PENDIDIKAN

Komisi IV DPRD Trenggalek Ungkap Bosda Madin Baru Terbiayai 2 Bulan Dalam APBD 2026

×

Komisi IV DPRD Trenggalek Ungkap Bosda Madin Baru Terbiayai 2 Bulan Dalam APBD 2026

Sebarkan artikel ini
Trenggalek
Ketua Komisi IV DPRD Trenggalek saat mengungkapkan ketersediaan biaya bosda madin pada APBD

SUARA TRENGGALEK – Bantuan Operasional Sekolah Daerah Madrasah Diniyah (Bosda Madin) di Kabupaten Trenggalek pada tahun anggaran 2026 dipastikan baru mampu meng-cover dua bulan.

Keterbatasan tersebut diakui DPRD Trenggalek dan dinilai masih jauh dari ideal untuk menopang keberlangsungan pendidikan keagamaan sekaligus kesejahteraan guru swasta.

Ketua Komisi IV DPRD Trenggalek, Sukarodin, mengatakan minimnya alokasi Bosda Madin dalam APBD Induk 2026 disebabkan oleh keterbatasan kemampuan fiskal daerah.

Saat ini, Bosda Madin yang bersumber dari APBD kabupaten hanya berfungsi sebagai pendamping anggaran dari pemerintah provinsi.

“Bosda Madin 2026 di APBD Induk kami hanya mampu dua bulan sebagai pendampingan dari provinsi. Provinsi penuh untuk enam bulan. Harapannya provinsi menganggarkan enam bulan sehingga utuh satu tahun,” ujar Sukarodin.
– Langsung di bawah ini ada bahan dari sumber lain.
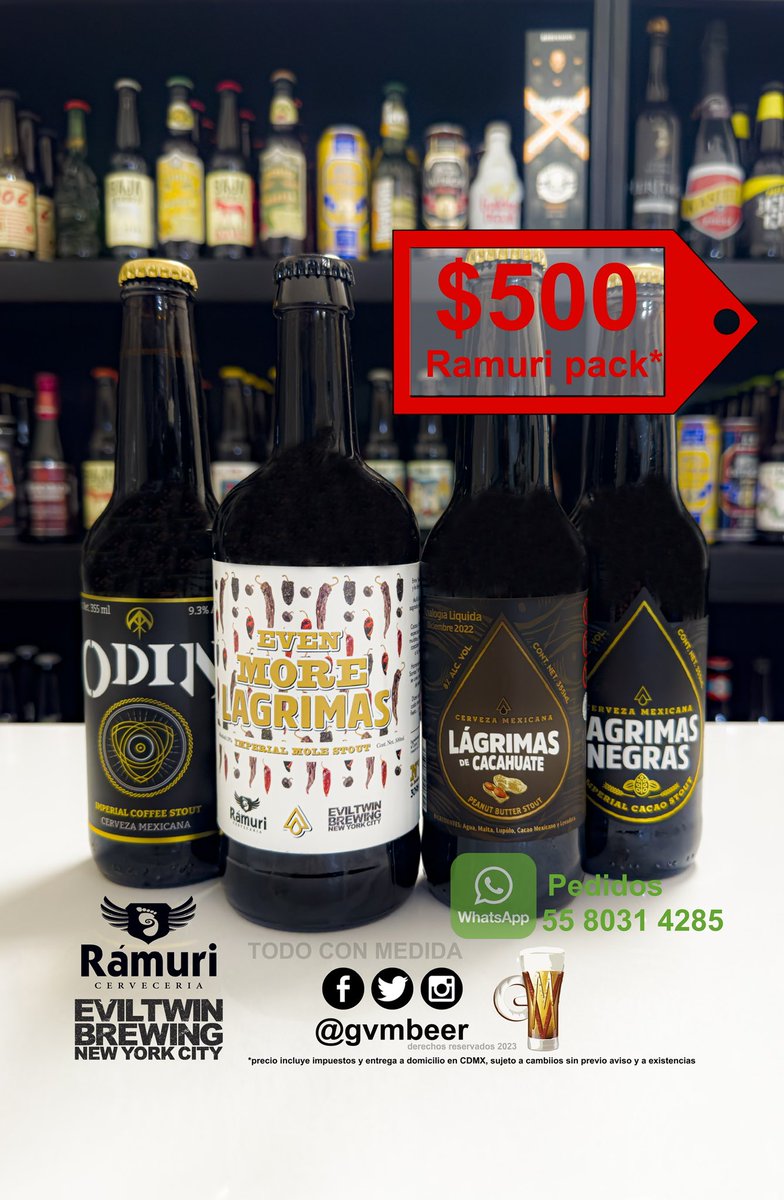 GVMBeer's tweet image. Entrega a domicilio incluida en la #CDMX
@cervezaramuri #LagrimasNegras @EvilTwinBrewing #artesanalesdeverdad #cervezaadomicilio #GVM #GVMBeer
Meski demikian, ia menegaskan DPRD tidak akan berhenti pada kondisi tersebut. Kekurangan pembiayaan selama empat bulan akan menjadi salah satu fokus perjuangan dalam pembahasan APBD Perubahan 2026 agar Bosda Madin dapat berjalan penuh selama satu tahun.

“Untuk APBD 2026 ini kemampuan kami masih dua bulan. Untuk itu, di APBD Perubahan nanti seharusnya kami memperjuangkan Trenggalek ini mencukupi kurang empat bulan,” jelasnya.

Sukarodin menilai Bosda Madin memiliki peran penting, tidak hanya untuk mendukung operasional Madrasah Diniyah, tetapi juga berkaitan langsung dengan insentif guru swasta yang selama ini menjadi ujung tombak pendidikan karakter di masyarakat.

“Bosda Madin itu di dalamnya tidak hanya untuk Madin saja, tetapi juga untuk insentif guru swasta. Kasihan kalau biasanya dapat lalu menjadi tidak dapat,” ungkapnya.

Ia menambahkan, keberadaan Madrasah Diniyah dan pondok pesantren memiliki kontribusi besar dalam pembentukan karakter anak sejak usia dini. Tanpa dukungan anggaran yang memadai, beban pendidikan karakter akan semakin berat.

“Bangunlah jiwanya, bangunlah badannya. Jiwanya dulu dibenahi, karena pondasi kehidupan itu harus kokoh. Kalau pendidikan karakter tidak ditunjang Madin dan pondok pesantren, itu akan terasa berat,” tegasnya.

Sukarodin menambahkan kondisi Bosda Madin yang pada 2026 baru terbiayai dua bulan ini menjadi alarm bagi pemerintah daerah dan pemangku kebijakan.

Ditengah kuatnya wacana penguatan karakter dan moral generasi muda, dukungan anggaran terhadap pendidikan keagamaan masih menghadapi tantangan serius.